Why we need to be careful about how we use AI tools
- AI tools may not always produce the desired output, and may require human intervention to correct errors or refine the results. (As an example, in January, CNET issued corrections on nearly half the stories they published that were written using an AI tool.)
- AI tools may also be limited by the quality and quantity of data they are trained on, which can affect their accuracy and reliability.
- AI tools may also raise ethical concerns around issues such as bias, privacy, and transparency.
Using workload analytics to redefine the role of the developer
In my last post, I wrote about the emerging field of workload analytics and how it can be used to enable technology roles to scale to support the significant amount of new data and technology coming online every day. Workload analytics combines AI and ML with financial and business data to optimize and manage enterprise workloads. Nowhere is this more important for technology than in considering the role of software developers in an AI-driven coding world. There’s no doubt some coder roles will be lost due to the efficiencies brought on by the technologies of OpenAI (ChatGPT), Google (Bard), Baidu (Ernie), and others. If it’s not the case already, AI will soon be able to write more efficient code in one day than a junior- or even senior-level developer can in a week. But as we become more proficient at using AI tools to produce code, the resulting outputs will need to be held to more stringent protocols and testing. At least in the short term, it’s likely that more code will be rejected, as we’re beginning to see already. It’s going to take some trial and error – which is the very foundation for machine learning – to learn how to code properly at scale.
There’s no doubt AI is going to change the way all software applications are written. While there is a learning curve and some loss of headcount, using AI will actually help solve the problem of inefficient code. And workload analytics will play a role in reassigning some portion of the developer workforce to higher-level tasks that can further add to productivity, innovation, and managing and maintaining code once it’s in production. I’d love to see the day when workload analytics also enables us to go back to old, identify inefficient code and rewrite it so that the Total Cost of Code doesn’t continue to multiply year-over-year due to inefficient code that could have been optimized years ago.
Think of it this way. Once we start to generate code at scale thanks to AI tools, more code will be promoted to production at an increasingly alarming rate. Then, all this code needs to be supported once it’s in production. As the pace of AI increases, existing subject matter experts using data observability tools will not be able to keep pace to solve the issues of tomorrow, as these tools still rely on humans to interpret the data. There won’t be enough people to watch the screens and interpret the information. We are going to need to incorporate workload analytics to identify issues and enable technology teams to support, manage and optimize anomalies. The ongoing generation of new technology, while supporting legacy technology, will require enterprises to optimize their organizational structures, processes, and systems.
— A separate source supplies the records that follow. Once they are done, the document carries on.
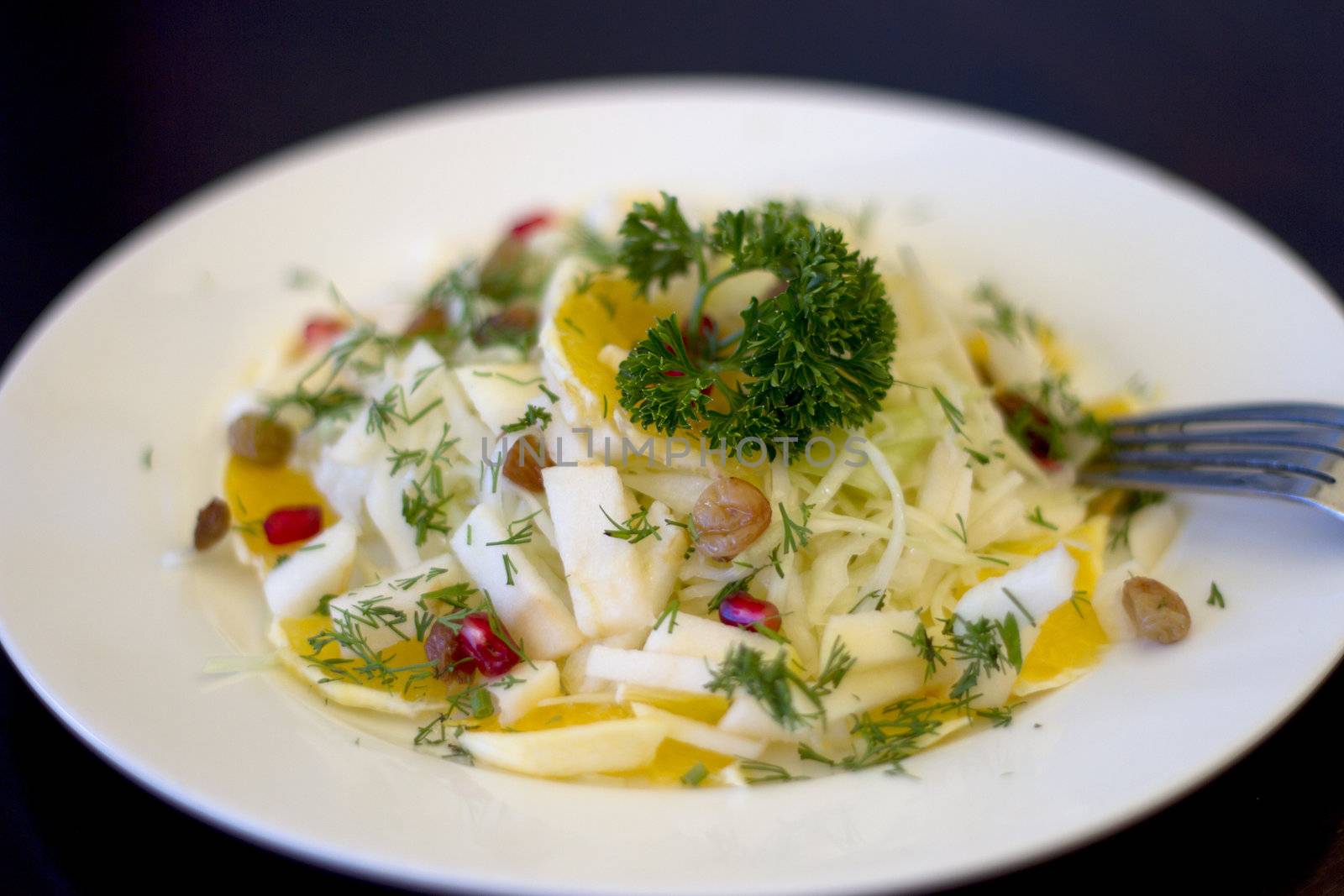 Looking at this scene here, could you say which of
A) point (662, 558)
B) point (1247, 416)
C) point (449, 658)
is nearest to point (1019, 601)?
point (662, 558)

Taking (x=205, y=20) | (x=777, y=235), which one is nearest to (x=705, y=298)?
(x=777, y=235)

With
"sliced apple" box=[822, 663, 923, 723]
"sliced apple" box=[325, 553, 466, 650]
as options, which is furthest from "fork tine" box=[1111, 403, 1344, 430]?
"sliced apple" box=[325, 553, 466, 650]

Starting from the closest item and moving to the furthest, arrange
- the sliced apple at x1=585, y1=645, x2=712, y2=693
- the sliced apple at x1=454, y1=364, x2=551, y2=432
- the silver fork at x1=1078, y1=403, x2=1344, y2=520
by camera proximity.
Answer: the sliced apple at x1=585, y1=645, x2=712, y2=693
the silver fork at x1=1078, y1=403, x2=1344, y2=520
the sliced apple at x1=454, y1=364, x2=551, y2=432

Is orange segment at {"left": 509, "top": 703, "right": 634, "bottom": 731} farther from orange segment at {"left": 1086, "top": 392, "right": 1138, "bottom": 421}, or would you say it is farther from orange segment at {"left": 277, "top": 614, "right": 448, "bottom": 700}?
orange segment at {"left": 1086, "top": 392, "right": 1138, "bottom": 421}

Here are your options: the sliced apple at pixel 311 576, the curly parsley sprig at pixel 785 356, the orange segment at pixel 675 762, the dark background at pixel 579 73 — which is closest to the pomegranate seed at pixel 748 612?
the orange segment at pixel 675 762

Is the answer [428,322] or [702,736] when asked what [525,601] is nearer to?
[702,736]
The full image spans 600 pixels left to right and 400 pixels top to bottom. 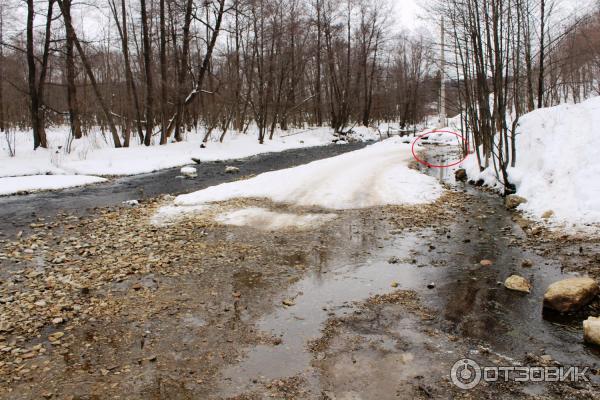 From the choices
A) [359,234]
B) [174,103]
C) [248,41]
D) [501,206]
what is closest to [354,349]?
[359,234]

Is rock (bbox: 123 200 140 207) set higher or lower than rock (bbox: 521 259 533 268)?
higher

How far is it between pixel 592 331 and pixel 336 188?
848 cm

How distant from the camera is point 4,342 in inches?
189

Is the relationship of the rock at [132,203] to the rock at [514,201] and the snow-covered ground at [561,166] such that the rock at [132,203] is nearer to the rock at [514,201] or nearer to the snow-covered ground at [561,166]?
the rock at [514,201]

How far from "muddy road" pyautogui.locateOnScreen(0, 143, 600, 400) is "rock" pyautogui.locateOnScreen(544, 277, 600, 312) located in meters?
0.13

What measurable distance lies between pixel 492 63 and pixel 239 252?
7.85 metres

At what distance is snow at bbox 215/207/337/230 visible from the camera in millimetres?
9398

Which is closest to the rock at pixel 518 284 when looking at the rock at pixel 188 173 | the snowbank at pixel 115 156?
the rock at pixel 188 173

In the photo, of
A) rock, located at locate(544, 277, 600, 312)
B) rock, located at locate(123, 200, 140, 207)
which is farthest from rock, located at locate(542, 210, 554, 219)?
rock, located at locate(123, 200, 140, 207)

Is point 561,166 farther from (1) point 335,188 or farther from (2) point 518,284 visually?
(1) point 335,188

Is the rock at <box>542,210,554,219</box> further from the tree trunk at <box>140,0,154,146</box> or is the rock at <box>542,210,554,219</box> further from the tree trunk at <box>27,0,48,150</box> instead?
the tree trunk at <box>140,0,154,146</box>

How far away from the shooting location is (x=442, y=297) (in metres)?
5.76

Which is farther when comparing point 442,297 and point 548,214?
point 548,214

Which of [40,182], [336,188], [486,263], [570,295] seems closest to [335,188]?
[336,188] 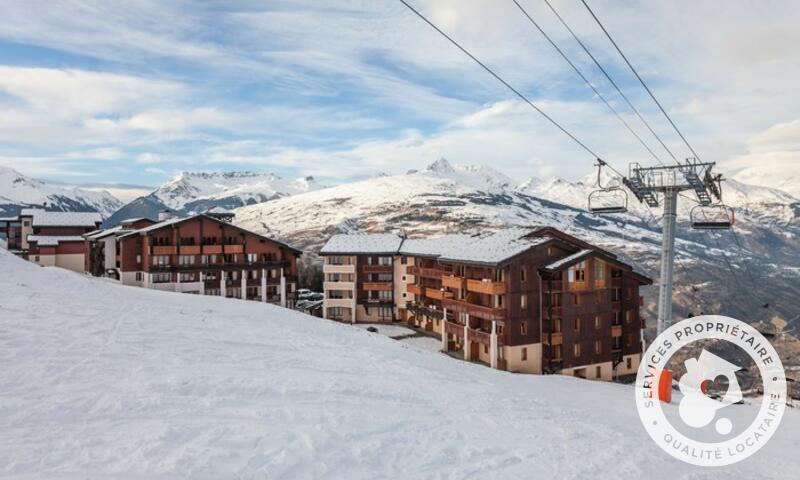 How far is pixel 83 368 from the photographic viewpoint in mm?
15203

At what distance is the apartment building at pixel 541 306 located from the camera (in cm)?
4406

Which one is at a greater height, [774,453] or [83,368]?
[83,368]

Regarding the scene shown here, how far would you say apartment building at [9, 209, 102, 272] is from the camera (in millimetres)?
76750

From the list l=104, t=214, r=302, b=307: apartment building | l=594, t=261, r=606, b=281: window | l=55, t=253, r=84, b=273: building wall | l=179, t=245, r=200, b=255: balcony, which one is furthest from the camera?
l=55, t=253, r=84, b=273: building wall

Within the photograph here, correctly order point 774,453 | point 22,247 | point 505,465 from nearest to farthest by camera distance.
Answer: point 505,465 → point 774,453 → point 22,247

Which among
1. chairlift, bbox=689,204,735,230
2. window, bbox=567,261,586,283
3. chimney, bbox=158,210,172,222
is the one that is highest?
chimney, bbox=158,210,172,222

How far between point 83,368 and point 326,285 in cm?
5525

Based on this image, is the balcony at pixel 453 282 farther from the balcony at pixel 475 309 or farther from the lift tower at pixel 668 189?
the lift tower at pixel 668 189

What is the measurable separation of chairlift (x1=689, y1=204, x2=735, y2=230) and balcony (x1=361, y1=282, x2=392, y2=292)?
1798 inches

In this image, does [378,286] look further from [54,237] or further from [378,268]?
[54,237]

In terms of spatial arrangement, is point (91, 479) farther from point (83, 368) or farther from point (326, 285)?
point (326, 285)

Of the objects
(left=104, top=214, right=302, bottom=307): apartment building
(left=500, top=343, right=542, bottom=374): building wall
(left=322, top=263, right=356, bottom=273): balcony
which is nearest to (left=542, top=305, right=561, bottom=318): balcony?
(left=500, top=343, right=542, bottom=374): building wall

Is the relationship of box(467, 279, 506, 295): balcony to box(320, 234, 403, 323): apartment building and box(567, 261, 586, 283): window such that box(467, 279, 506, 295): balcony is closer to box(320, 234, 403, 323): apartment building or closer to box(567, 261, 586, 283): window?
box(567, 261, 586, 283): window

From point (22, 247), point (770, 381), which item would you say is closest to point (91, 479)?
point (770, 381) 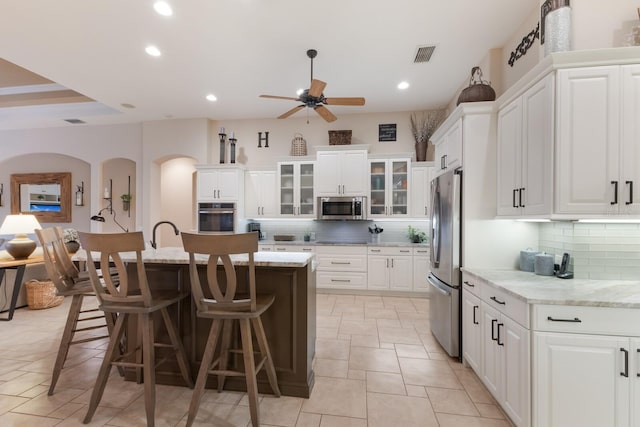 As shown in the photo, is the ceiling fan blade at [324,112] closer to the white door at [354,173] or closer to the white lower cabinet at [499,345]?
the white door at [354,173]

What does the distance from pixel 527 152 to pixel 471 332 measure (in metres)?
1.53

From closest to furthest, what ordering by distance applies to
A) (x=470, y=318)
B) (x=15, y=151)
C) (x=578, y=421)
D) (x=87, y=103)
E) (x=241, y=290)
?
(x=578, y=421) → (x=241, y=290) → (x=470, y=318) → (x=87, y=103) → (x=15, y=151)

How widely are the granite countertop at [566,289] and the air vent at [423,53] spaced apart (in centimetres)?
258

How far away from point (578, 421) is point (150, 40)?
473 centimetres

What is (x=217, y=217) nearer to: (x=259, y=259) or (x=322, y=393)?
(x=259, y=259)

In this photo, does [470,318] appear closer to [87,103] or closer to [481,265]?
[481,265]

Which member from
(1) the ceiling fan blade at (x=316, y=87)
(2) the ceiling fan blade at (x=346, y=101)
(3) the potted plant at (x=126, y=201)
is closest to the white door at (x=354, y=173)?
(2) the ceiling fan blade at (x=346, y=101)

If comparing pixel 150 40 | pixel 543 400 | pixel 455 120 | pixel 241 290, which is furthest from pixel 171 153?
pixel 543 400

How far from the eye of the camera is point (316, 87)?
2.86 metres

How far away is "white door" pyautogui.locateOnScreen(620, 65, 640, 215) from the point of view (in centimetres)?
181

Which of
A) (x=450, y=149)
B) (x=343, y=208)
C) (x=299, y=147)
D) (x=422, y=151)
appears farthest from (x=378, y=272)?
(x=299, y=147)

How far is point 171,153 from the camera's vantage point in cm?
579

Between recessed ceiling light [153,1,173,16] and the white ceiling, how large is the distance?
0.17 feet

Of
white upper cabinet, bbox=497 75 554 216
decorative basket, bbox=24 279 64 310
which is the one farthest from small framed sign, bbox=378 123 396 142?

A whole new technology ecosystem needs to emerge as we move forward with AI tools for coding and managing technology systems. What will the processes for testing, monitoring, and managing all of the new code that is generated at scale look like? How can we know that all the code we’re deploying into production is truly healthy and efficient – and what will the Total Cost of Code be over the next three years? How do we apply financial metrics to quantify the impact of this code – especially as it runs in tandem with “old” inefficient code that may be costing the company millions due to bad processes?
These questions are a good place to start as developers consider the impact of AI on their roles and how they can leverage it to focus on higher-value tasks.